Architects: Louis Warren Ross
Leach House is an approximately 33,000 square foot residential building on the Amherst campus of the University of Massachusetts. The building is one of ten structures that comprise the Northeast Residential Area of the University of Massachusetts Amherst. These ten buildings were uniformly designed in neo-Georgian style between 1935 and 1959, and laid out in a bilaterally symmetrical site plan surrounding an open grassed area that is known as the Quad (quadrangle). Originally designed as dormitories, the group includes Knowlton House, Hamlin House, Crabtree House, Leach House, Lyon House, Dwight House, Thatcher House, Lewis House, Arnold House and Johnson House. All continue to serve as dormitories in 2008, except for Arnold House, which was converted into offices in 1966.
The main planning axis of the Northeast Residential Area runs northeast-southwest, in a straight line between the central doors of Lewis House and Arnold House. This axis is the center line of the quadrangle’s bilateral symmetry, meaning that the building footprints and appearance of Hamlin, Leach, Dwight and Johnson Houses, located on the north side of the axis, are mirrored by the building footprints and appearance of Knowlton, Crabtree, Lyon and Thatcher Houses on the south side of the axis. The spatial relationship of Lewis House and Arnold House as the anchors of the planning axis is visually reinforced by the cupolas that top these two buildings.

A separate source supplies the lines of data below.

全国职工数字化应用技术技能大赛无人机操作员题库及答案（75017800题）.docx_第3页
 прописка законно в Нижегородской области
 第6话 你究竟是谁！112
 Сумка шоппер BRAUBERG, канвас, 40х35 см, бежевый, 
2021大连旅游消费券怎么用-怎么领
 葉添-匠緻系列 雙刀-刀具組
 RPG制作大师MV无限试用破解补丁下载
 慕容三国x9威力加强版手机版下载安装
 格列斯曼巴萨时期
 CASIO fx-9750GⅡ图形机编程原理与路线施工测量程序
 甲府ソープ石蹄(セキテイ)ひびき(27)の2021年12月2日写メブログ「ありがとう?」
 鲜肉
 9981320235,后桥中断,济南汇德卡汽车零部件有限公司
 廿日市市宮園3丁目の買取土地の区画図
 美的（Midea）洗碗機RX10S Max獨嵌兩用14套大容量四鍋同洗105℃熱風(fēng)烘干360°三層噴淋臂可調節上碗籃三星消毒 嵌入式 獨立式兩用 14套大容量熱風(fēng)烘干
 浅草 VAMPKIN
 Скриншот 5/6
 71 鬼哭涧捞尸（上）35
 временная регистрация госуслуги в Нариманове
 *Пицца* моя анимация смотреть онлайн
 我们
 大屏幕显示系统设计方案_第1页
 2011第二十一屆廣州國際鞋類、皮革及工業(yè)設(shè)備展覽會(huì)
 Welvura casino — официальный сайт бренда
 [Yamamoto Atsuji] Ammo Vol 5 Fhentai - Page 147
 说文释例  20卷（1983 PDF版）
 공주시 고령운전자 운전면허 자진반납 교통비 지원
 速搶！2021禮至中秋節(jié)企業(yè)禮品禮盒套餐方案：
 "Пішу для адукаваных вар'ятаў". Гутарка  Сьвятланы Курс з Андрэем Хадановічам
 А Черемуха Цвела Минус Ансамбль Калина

In 1953 Crabtree House and Leach House were added, forming the beginnings of the north and south sides of the complex. Later buildings completed the east and west sides of the complex consistent with the existing spatial organization. In 1954, Arnold House completed the western edge of the area. A 1959 campus plan shows the complex complete, with a large parking area to the east of Arnold House in place. A 1969 oblique aerial photograph confirms the location of the parking area. A sand volleyball court has been added to the area to the east of the parking area. Although a new addition, the volleyball court does not impact the open character of the space, which is defined by a strong east-west axis of open lawn. Historic photographs do not show vegetation associated with Crabtree House or Leach House. All vegetation at the houses, consisting primarily of trees over lawn and shrubs at the buildings’ foundations, are new additions from the time the buildings were constructed.
The L-shaped building is 4-stories with a basement level accessible to grade at the rear (west) elevation. The north wing is 7 bays wide by 3 bays deep with a gable roof. The south wing is 8 wings wide by 3 bays deep and also has a gable roof that forms a hip at the building’s northeast corner. The main building entrance occurs at the 3 central bays of the south wing’s east elevation. These bays project from the façade and are distinguished by a cross gable. This elevation also includes a raised terrace and a 2-story wing with flat roof that serves as an accessible terrace. The terrace is bounded by a wrought-iron railing.
The common-bond brick pattern is used throughout all elevations. A molded-brick water table defines the basement level and a brick beltcourse occurs at the second floor level. All windows are wood, as well as the cornice defining the roofline and the gable peaks. The façade includes a window pattern of primarily double-hung sash. The exposed basement through third floor levels of the building have 8/12 double-hung sash. The fourth floor has 8/8 sash. At the attic level, the gable ends are framed as pediments and contain demilunes openings which were originally windows though some have been replaced by aluminum grilles. The openings are framed with brick arches and keys. Original copper flashing at the eaves and copper downspouts with collector heads have been lost. The main building entrance features a wood doorcase with Ionic columns and entablature. The double wood doors have divided lights and a fixed transom. Above the entablature, the second floor bay has a pedimented window case.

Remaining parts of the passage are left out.